Q3: Define Array-of-Structs (AoS) and Struct-of-Arrays (SoA). When is each better? (Medium)¶

Answer: For records with d fields:

AoS — struct P { x; y; z; ... }; P arr[n]; — each record's fields are contiguous; records are laid out back-to-back.
SoA — struct { x[n]; y[n]; z[n]; ... } — each field gets its own array; all x values are contiguous, all y, etc.

Use SoA when loops sweep column-wise, touching only f of the d fields across many records (e.g. "sum all x"). Every loaded line is then 100% useful, and the contiguous single-field stream vectorizes (SIMD) cleanly.

Use AoS when access is random by record and touches the whole record at once (e.g. "load entity i and update all its fields"). One record sits in one (or few) lines; SoA would instead force one miss per field, scattered across d arrays.

Q4: Quantify the waste/speedup of AoS vs SoA for a column scan. (Medium)¶

Answer: Suppose a loop touches f of the d fields of each record, and fields are roughly equal-sized.

AoS: each cache line holds whole records, but you only use f/d of each line — you waste (d − f)/d of every transferred line. To read the f useful fields you drag along the other d − f.
SoA: each touched field's array is dense, so every line is fully useful. You move a factor of d/f less data.

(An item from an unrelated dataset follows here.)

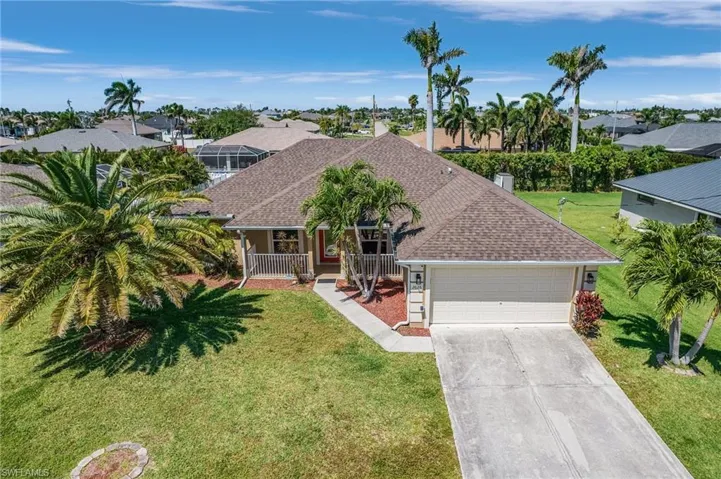Ranch-style house with a front yard, a shingled roof, a porch, a garage, and driveway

So SoA gives up to a d/f× reduction in memory traffic (and the corresponding bandwidth-bound speedup), plus SIMD on the contiguous stream. Example: d = 8 fields, touch f = 1 → AoS wastes 7/8 of each line; SoA is up to 8× faster. The win shrinks toward 1× as f → d.

Arrays vs Pointer-Chasing¶

Q5: Why is iterating a contiguous array far faster than walking a linked list of the same length? (Medium)¶

Answer: Same O(n), wildly different I/O behavior:

Array: elements are contiguous. One cache miss brings in a line of B elements, so you pay one miss per B elements — Θ(n/B) misses. The hardware prefetcher detects the sequential stride and loads lines ahead of use, hiding latency almost entirely.
Linked list: each node is a separate allocation at an arbitrary address. Following next is a dependent load to an unpredictable location → typically one cache miss per node (Θ(n) misses), and the prefetcher can't help because it can't guess the next address until the current node is loaded. This is pointer-chasing: a chain of latency-bound dependent misses.

The gap is roughly a factor of B in misses (e.g. 8–16×), often more once prefetch and memory-level parallelism are counted. The lesson: contiguity + predictable stride beats pointers, which is why flat arrays, array-backed structures, and arena/pool allocation routinely outrun node-based ones in practice even at equal asymptotic cost.

Loop Tiling / Blocking¶

Q6: Why does blocking (tiling) a matrix multiply speed it up, and what is the resulting I/O cost? (Hard)¶

Answer: A naive triple-loop multiply streams entire rows/columns far larger than the cache, so a reused row is evicted before it's reused — the inner data never stays hot, and you pay Θ(n³) misses on large matrices.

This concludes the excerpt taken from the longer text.